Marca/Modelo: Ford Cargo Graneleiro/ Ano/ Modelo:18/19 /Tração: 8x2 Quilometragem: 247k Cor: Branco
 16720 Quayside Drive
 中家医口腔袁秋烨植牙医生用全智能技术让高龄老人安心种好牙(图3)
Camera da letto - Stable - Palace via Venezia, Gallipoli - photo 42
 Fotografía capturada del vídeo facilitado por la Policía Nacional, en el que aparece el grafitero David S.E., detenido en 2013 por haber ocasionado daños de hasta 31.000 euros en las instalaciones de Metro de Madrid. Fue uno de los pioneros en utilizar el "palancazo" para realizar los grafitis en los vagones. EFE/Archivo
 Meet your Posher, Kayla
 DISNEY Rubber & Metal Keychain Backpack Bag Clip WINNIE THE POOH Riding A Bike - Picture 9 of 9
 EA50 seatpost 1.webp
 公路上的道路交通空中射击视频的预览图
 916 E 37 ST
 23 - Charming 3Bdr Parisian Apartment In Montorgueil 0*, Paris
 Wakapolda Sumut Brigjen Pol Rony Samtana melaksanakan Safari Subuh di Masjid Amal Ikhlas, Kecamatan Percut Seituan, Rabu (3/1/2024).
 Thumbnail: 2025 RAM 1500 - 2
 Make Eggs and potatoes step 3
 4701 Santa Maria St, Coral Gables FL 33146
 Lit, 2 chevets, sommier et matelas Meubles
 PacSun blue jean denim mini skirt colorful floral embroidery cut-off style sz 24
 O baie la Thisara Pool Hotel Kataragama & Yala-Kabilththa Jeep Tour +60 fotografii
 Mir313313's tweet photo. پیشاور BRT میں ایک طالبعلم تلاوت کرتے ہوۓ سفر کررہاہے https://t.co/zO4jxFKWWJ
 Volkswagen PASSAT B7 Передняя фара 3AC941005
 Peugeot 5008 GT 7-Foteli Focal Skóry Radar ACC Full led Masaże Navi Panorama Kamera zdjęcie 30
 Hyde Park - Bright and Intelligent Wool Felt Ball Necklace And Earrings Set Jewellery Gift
┄┄┄┄┄┄┄┄┄┄┄┄┄┄┄┄┄┄┄┄
* **TASK DIRECTIONS**
From the line containing "Peugeot 5008 GT" down to the end of the listing above, return each line exactly as it appears and nothing more.

* **FINISHED EXERCISE**
 Peugeot 5008 GT 7-Foteli Focal Skóry Radar ACC Full led Masaże Navi Panorama Kamera zdjęcie 30
 Hyde Park - Bright and Intelligent Wool Felt Ball Necklace And Earrings Set Jewellery Gift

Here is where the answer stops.